ConvNext Mitosis Identification—You Only Look Once (CNMI-YOLO): Domain Adaptive and Robust Mitosis Identification in Digital Pathology


TOPUZ Y., Yıldız S., VARLI S.

Laboratory Investigation, cilt.104, sa.10, 2024 (SCI-Expanded) identifier identifier

  • Yayın Türü: Makale / Tam Makale
  • Cilt numarası: 104 Sayı: 10
  • Basım Tarihi: 2024
  • Doi Numarası: 10.1016/j.labinv.2024.102130
  • Dergi Adı: Laboratory Investigation
  • Derginin Tarandığı İndeksler: Science Citation Index Expanded (SCI-EXPANDED), Scopus, BIOSIS, CAB Abstracts, Veterinary Science Database
  • Anahtar Kelimeler: computational pathology, deep learning, histopathology, mitosis, object detection
  • Yıldız Teknik Üniversitesi Adresli: Evet

Özet

In digital pathology, accurate mitosis detection in histopathological images is critical for cancer diagnosis and prognosis. However, this remains challenging due to the inherent variability in cell morphology and the domain shift problem. This study introduces ConvNext Mitosis Identification-You Only Look Once (CNMI-YOLO), a new 2-stage deep learning method that uses the YOLOv7 architecture for cell detection and the ConvNeXt architecture for cell classification. The goal is to improve the identification of mitosis in different types of cancers. We utilized the Mitosis Domain Generalization Challenge 2022 data set in the experiments to ensure the model's robustness and success across various scanners, species, and cancer types. The CNMI-YOLO model demonstrates superior performance in accurately detecting mitotic cells, significantly outperforming existing models in terms of precision, recall, and F1 score. The CNMI-YOLO model achieved an F1 score of 0.795 on the Mitosis Domain Generalization Challenge 2022 and demonstrated robust generalization with F1 scores of 0.783 and 0.759 on the external melanoma and sarcoma test sets, respectively.

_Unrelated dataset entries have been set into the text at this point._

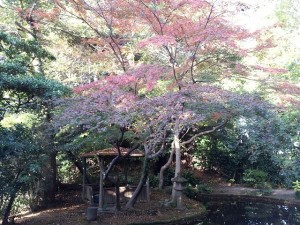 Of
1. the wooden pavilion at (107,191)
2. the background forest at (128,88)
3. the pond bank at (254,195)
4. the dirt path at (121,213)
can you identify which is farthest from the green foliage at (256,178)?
the wooden pavilion at (107,191)

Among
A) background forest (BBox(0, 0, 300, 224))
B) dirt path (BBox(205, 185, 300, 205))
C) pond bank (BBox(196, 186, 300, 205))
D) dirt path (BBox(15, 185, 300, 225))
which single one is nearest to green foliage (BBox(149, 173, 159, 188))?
dirt path (BBox(15, 185, 300, 225))

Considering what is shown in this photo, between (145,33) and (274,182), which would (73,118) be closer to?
(145,33)

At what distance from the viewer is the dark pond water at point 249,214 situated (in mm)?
8160

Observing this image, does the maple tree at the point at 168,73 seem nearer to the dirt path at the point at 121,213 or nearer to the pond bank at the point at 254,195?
the dirt path at the point at 121,213

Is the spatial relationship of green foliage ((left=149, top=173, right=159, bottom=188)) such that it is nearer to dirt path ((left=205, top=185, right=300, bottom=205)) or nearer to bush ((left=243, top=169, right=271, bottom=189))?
dirt path ((left=205, top=185, right=300, bottom=205))

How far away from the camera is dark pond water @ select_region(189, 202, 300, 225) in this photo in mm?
8160

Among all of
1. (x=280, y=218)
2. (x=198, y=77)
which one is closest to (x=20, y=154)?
(x=198, y=77)

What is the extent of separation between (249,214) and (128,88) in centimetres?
481

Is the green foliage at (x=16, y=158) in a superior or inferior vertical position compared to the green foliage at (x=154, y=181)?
superior

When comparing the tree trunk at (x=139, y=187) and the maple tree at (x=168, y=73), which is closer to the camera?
the maple tree at (x=168, y=73)

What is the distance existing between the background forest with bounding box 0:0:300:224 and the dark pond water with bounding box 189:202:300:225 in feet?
3.72

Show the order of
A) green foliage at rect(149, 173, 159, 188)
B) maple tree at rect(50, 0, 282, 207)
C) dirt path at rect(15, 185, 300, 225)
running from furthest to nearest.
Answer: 1. green foliage at rect(149, 173, 159, 188)
2. dirt path at rect(15, 185, 300, 225)
3. maple tree at rect(50, 0, 282, 207)

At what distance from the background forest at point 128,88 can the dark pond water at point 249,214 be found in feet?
3.72

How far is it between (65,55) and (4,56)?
13.2 ft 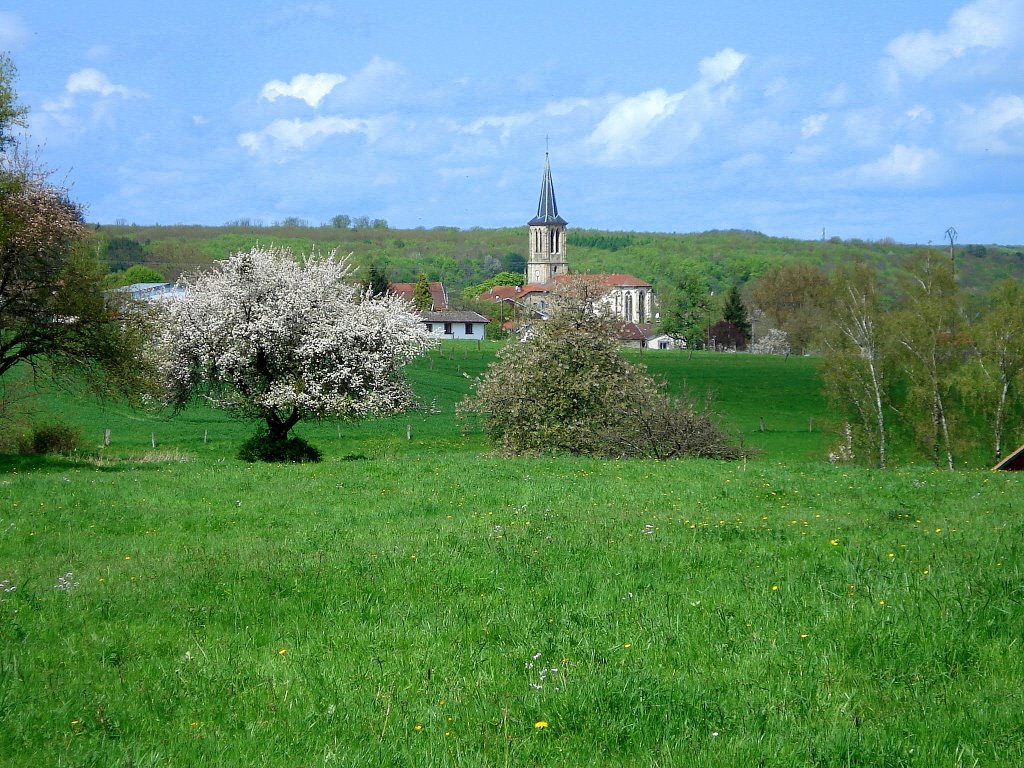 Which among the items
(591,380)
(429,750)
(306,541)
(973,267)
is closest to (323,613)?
(429,750)

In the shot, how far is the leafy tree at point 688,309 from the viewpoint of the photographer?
445 feet

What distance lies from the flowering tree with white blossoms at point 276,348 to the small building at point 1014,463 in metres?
21.5

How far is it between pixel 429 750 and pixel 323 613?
3.41 metres

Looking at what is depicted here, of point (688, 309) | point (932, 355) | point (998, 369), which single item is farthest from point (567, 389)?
point (688, 309)

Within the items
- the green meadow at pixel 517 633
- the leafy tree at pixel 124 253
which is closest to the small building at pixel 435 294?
the leafy tree at pixel 124 253

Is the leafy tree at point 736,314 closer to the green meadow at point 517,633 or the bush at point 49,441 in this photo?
the bush at point 49,441

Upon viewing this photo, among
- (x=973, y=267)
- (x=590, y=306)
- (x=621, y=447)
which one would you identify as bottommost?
(x=621, y=447)

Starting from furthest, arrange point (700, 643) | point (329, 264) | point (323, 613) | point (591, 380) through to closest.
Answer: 1. point (329, 264)
2. point (591, 380)
3. point (323, 613)
4. point (700, 643)

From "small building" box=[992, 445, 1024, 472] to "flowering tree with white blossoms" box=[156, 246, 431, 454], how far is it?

Additionally, the study included ablation studies to evaluate various object detection and classification models, such as Faster-RCNN and Swin Transformer. Furthermore, we assessed the model's robustness performance on unseen data, confirming its ability to generalize and its potential for real-world use in digital pathology, using soft tissue sarcoma and melanoma samples not included in the training data set.